_RECORDS FOR PROCESSING_:
<<<<

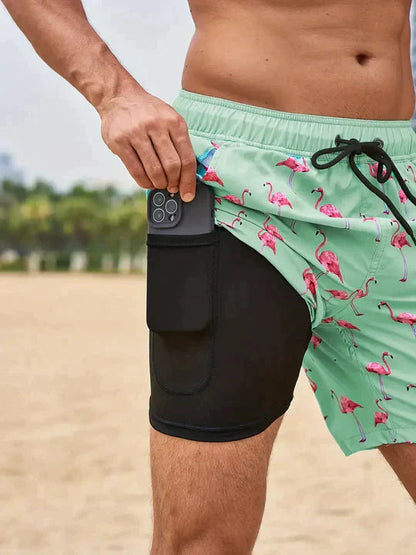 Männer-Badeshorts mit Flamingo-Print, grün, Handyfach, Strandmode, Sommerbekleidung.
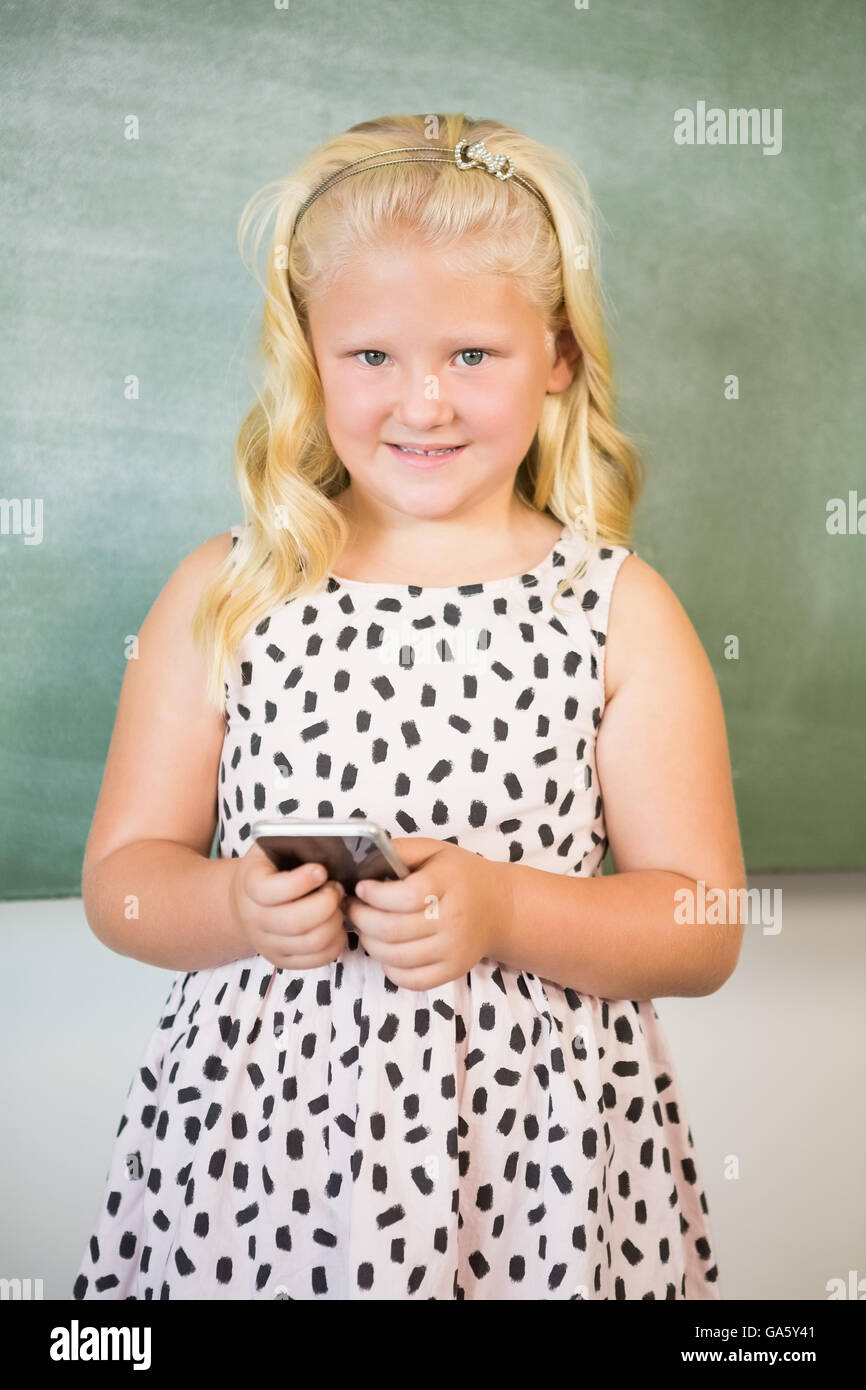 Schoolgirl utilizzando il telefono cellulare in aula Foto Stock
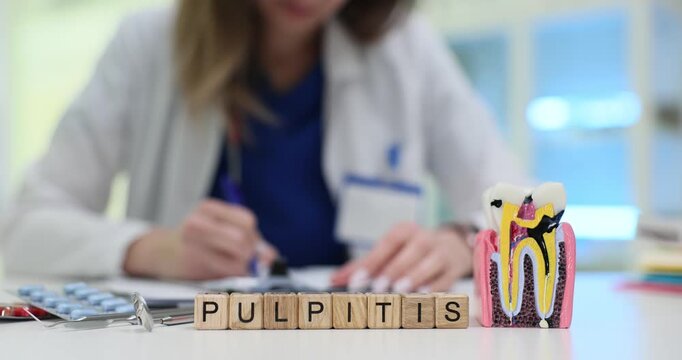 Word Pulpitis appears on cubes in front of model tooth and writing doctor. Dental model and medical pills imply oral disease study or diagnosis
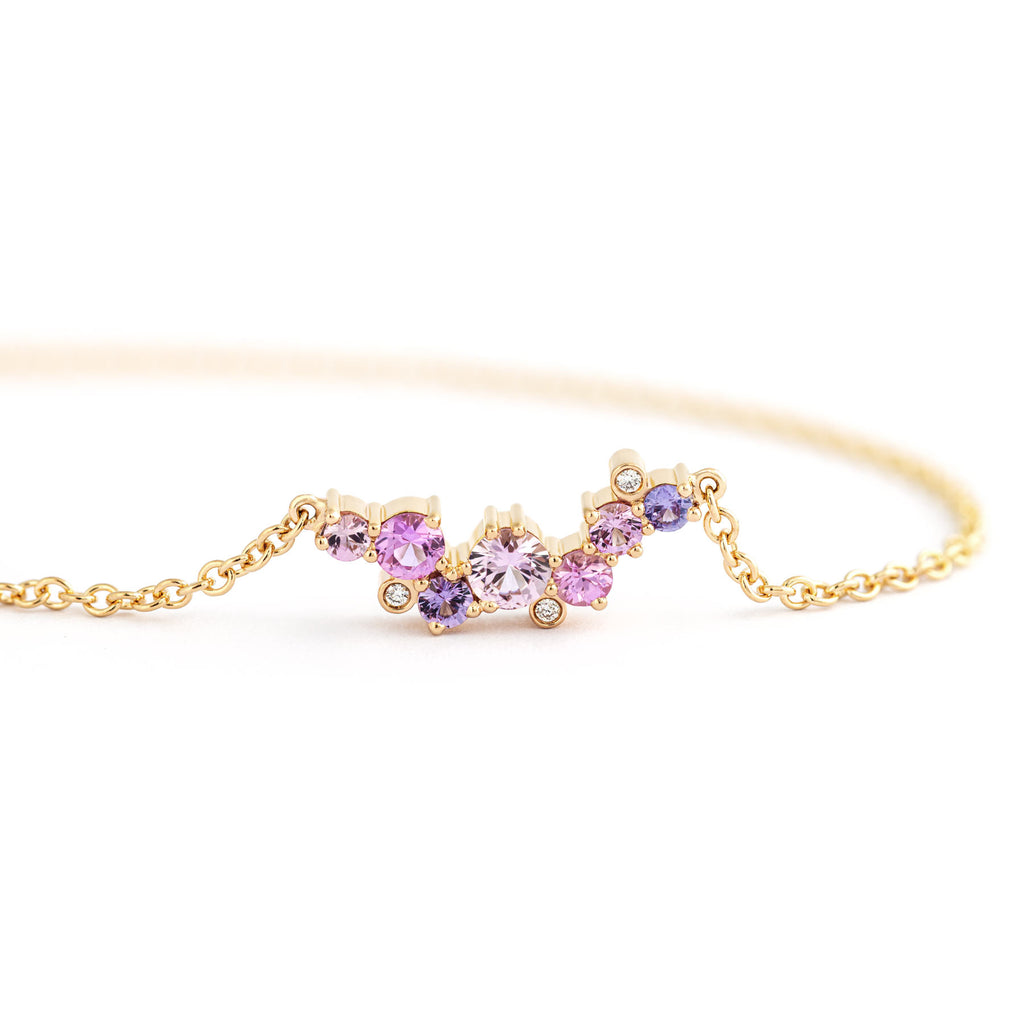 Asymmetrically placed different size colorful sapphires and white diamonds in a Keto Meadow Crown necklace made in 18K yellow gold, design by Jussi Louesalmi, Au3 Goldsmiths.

>>>>
<<<<

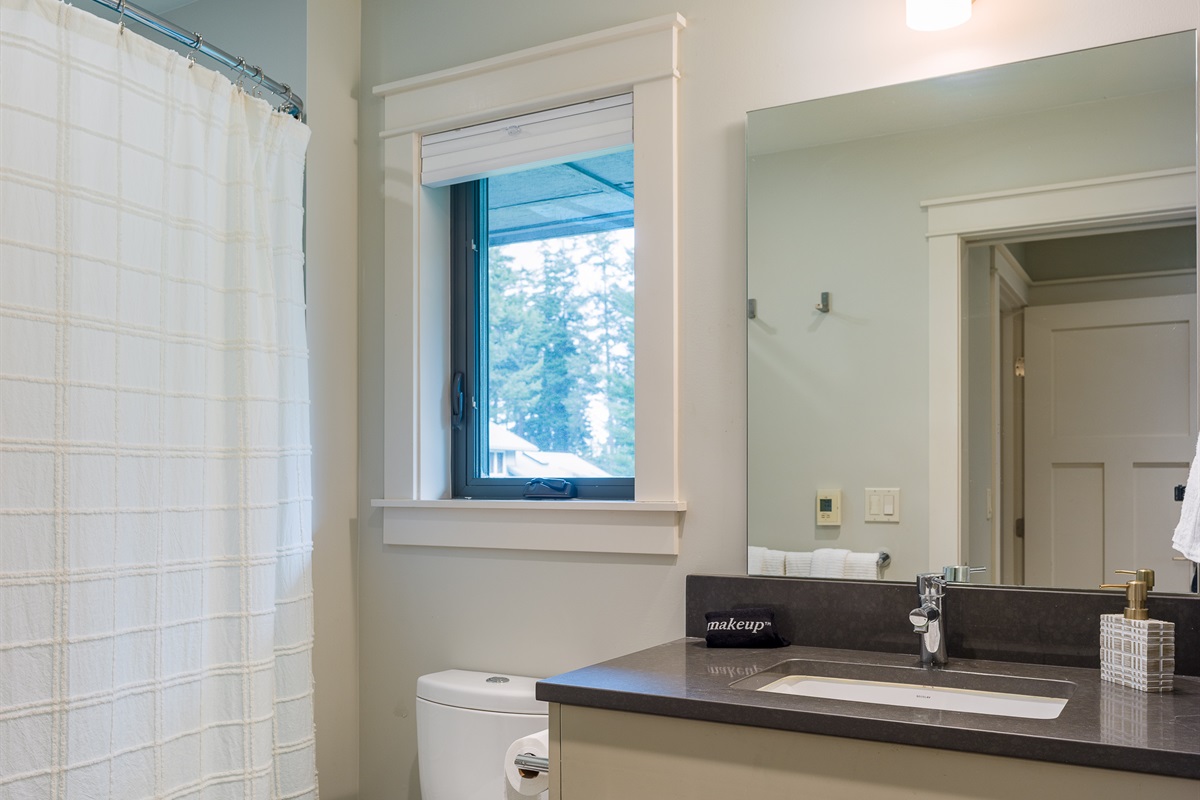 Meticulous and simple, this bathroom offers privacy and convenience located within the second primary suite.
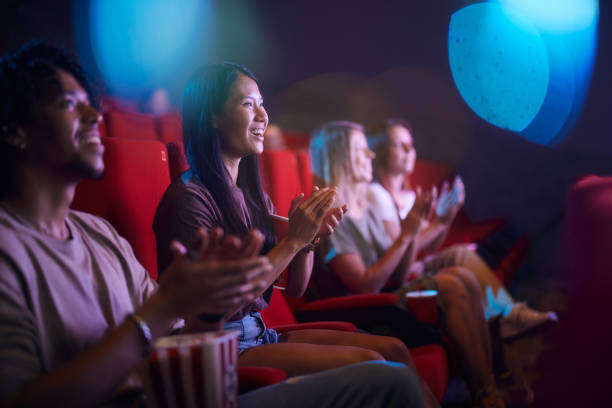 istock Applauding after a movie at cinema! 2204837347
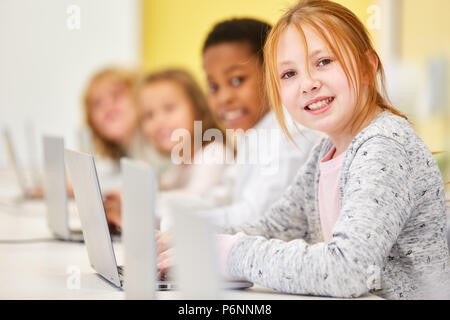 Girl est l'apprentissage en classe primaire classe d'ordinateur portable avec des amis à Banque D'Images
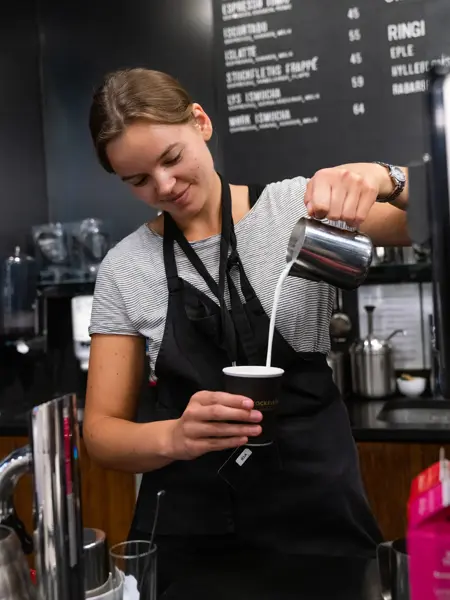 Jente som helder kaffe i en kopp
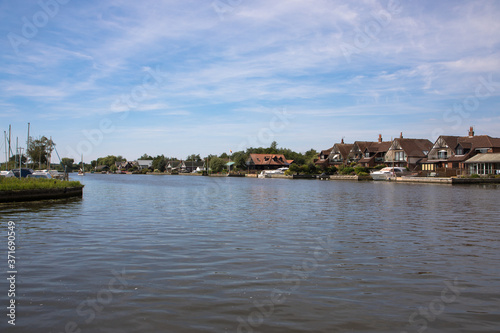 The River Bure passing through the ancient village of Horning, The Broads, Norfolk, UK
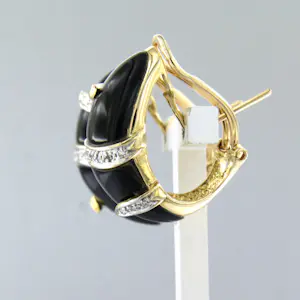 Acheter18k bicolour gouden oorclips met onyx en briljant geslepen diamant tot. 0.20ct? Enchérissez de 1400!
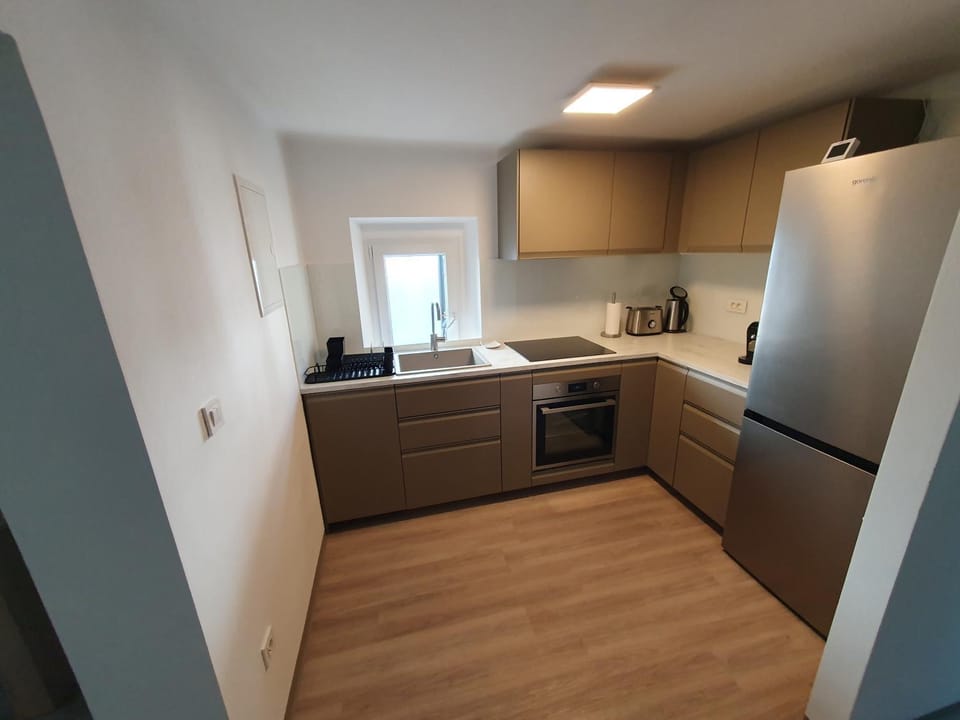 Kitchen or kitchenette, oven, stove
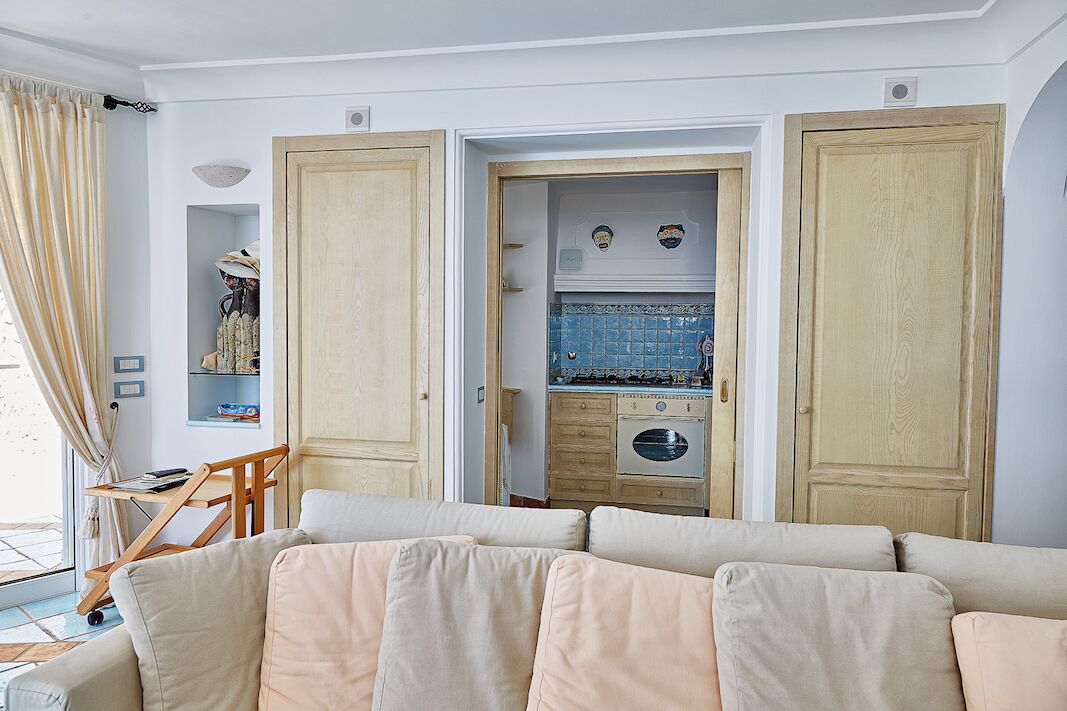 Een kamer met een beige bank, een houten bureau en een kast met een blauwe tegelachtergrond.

>>>>

_DIRECTIONS_: Of the lines above, quote exactly those from the one with "Handyfach, Strandmode, Sommerbekleidung." through the one with "Asymmetrically placed different", ends included; pictures stay out.

_TASK ANSWER_:
 Männer-Badeshorts mit Flamingo-Print, grün, Handyfach, Strandmode, Sommerbekleidung.
 Schoolgirl utilizzando il telefono cellulare in aula Foto Stock
 Word Pulpitis appears on cubes in front of model tooth and writing doctor. Dental model and medical pills imply oral disease study or diagnosis
 Asymmetrically placed different size colorful sapphires and white diamonds in a Keto Meadow Crown necklace made in 18K yellow gold, design by Jussi Louesalmi, Au3 Goldsmiths.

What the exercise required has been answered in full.